TIGIT+ iTregs elicited by human regulatory macrophages control T cell immunity. Homo sapiens

Human regulatory macrophages (Mreg) have shown early clinical promise as a cell-based, adjunct immunosuppressive therapy in solid organ transplantation. It is hypothesised that recipient CD4+ T cell responses are actively regulated through direct allorecognition of donor-derived Mregs. Here we show that human Mregs convert allogeneic CD4+ T cells to IL-10-producing, TIGIT+ FoxP3+ induced regulatory T cells that non-specifically suppress bystander T cells and inhibit dendritic cell maturation.

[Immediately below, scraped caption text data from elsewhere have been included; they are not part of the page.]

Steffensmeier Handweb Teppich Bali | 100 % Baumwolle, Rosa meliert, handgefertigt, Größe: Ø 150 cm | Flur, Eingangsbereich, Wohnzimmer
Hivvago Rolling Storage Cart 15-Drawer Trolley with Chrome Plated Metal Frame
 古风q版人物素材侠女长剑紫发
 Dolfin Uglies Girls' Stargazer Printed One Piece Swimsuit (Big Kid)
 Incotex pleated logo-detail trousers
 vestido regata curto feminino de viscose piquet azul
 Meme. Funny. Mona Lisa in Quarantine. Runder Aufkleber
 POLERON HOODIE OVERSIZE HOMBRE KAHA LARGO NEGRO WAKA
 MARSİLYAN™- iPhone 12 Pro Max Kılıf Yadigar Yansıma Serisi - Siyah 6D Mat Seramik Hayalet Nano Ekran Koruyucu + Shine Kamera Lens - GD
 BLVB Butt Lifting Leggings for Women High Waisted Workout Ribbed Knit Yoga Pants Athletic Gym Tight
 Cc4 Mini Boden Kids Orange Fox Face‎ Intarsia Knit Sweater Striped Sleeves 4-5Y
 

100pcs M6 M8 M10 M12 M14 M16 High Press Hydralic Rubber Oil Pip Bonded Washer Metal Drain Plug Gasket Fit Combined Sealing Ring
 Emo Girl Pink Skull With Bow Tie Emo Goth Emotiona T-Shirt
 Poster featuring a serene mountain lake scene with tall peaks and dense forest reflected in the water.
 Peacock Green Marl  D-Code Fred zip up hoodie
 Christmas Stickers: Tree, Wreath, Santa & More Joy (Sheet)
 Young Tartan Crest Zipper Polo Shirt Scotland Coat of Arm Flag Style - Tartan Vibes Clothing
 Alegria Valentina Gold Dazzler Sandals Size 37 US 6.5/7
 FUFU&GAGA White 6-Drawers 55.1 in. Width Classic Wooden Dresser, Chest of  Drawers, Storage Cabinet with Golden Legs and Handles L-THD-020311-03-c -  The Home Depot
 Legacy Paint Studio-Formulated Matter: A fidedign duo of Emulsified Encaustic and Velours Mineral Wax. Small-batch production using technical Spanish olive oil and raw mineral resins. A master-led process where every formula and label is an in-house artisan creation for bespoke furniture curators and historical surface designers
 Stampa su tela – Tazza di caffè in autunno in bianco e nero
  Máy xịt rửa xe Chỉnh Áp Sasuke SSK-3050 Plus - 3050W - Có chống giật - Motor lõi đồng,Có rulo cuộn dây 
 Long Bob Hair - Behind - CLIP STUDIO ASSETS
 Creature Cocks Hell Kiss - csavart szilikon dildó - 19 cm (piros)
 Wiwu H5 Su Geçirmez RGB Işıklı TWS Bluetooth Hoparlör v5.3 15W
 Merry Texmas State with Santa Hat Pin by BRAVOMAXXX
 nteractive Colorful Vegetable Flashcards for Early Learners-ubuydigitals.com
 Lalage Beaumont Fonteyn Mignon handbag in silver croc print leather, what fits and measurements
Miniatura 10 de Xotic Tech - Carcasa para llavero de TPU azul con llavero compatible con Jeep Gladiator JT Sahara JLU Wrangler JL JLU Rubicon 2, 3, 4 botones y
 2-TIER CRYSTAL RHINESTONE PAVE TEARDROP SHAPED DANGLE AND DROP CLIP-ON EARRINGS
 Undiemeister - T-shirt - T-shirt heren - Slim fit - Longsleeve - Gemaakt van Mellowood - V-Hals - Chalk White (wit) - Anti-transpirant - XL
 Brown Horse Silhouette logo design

Differentiation of Mreg-induced Tregs (miTregs) relies on multiple, non-redundant mechanisms that are not exclusive to interaction of Mregs and T cells, including signals mediated by indoleamine 2,3-dioxygenase, TGF-β, retinoic acid, Notch and progestagen-associated endometrial protein. Preoperative administration of donor-derived Mregs to living-donor kidney transplant recipients results in an acute increase in circulating TIGIT+ Tregs. These results suggest a feed-forward mechanism by which Mreg treatment promotes allograft acceptance through rapid induction of direct pathway Tregs. Overall design: To better characterise the phenotype of human miTregs, whole genome gene expression profiling studies by microarray were performed. Mregs and IFN-γ Mφ were generated from CD14+ monocytes of 5 healthy donors. Seven days later, CD3+ T cells were isolated from 5 unrelated healthy donors and split into two lots: From the first lot, a pure population of fresh CD4+ T cells was obtained by flow-sorting and total RNA was extracted; the second lot of T cells was added into direct co-culture with allogeneic Mregs or IFN-γ Mφ at a 1:1 ratio for 5 days, or were cultured alone without stimulation for 5 days. After coculture, CD4+ and CD8+ T cells were flow-sorted and total RNA was extracted. Microarray analysis was performed on the Agilent Whole Human Genome Oligo Microarray 8x60K platform. Hence, a dataset was generated comprising eight sample groups (S1-S8) representing four CD4+ T cell populations and four CD8+ T cell populations from 5 independent donors produced by single-colour hybridisations.

人调节性巨噬细胞（Human regulatory macrophages, Mreg）作为实体器官移植领域的细胞辅助免疫抑制疗法，已展现出早期临床应用潜力。现有假说认为，受者CD4+ T细胞应答可通过供者来源的Mreg的直接同种识别被主动调控。本研究证实，人Mreg可将同种异体CD4+ T细胞转化为分泌白细胞介素10（IL-10）、表达T细胞免疫球蛋白和ITIM结构域蛋白（TIGIT）以及叉头框P3（FoxP3）的诱导性调节性T细胞，这类细胞可非特异性抑制旁观者T细胞，并阻断树突状细胞成熟。Mreg诱导的调节性T细胞（miTregs）的分化依赖于多种非冗余机制，且并非仅依赖于Mreg与T细胞的相互作用，包括吲哚胺2,3-双加氧酶（indoleamine 2,3-dioxygenase, IDO）、转化生长因子β（transforming growth factor-β, TGF-β）、视黄酸、Notch信号通路以及妊娠相关子宫内膜蛋白（progestagen-associated endometrial protein, PAEP）介导的信号通路。对活体供肾移植受者术前给予供者来源的Mreg，可导致循环中TIGIT+调节性T细胞水平快速升高。上述结果提示存在一种前馈调控机制：Mreg疗法可通过快速诱导直接通路调节性T细胞，从而促进移植物耐受。 实验设计：为更好地表征人miTregs的表型，本研究采用微阵列技术开展全基因组基因表达谱分析。从5名健康供者的CD14阳性单核细胞中分别诱导培养Mreg以及干扰素γ处理的巨噬细胞（IFN-γ Mφ）。培养7天后，从5名无关健康供者中分离CD3阳性T细胞并分为两部分：第一部分通过流式分选获得新鲜纯化的CD4+ T细胞，并提取总RNA；第二部分T细胞则与同种异体Mreg或IFN-γ Mφ以1:1的比例直接共培养5天，或在无刺激条件下单独培养5天。共培养结束后，通过流式分选分离CD4+与CD8+ T细胞，并提取总RNA。采用安捷伦（Agilent）全人类基因组寡核苷酸微阵列8x60K平台开展微阵列分析。最终本研究生成了包含8个样本组（S1-S8）的数据集，涵盖来自5名独立供者的4个CD4+ T细胞群与4个CD8+ T细胞群，所有样本均采用单色杂交技术制备。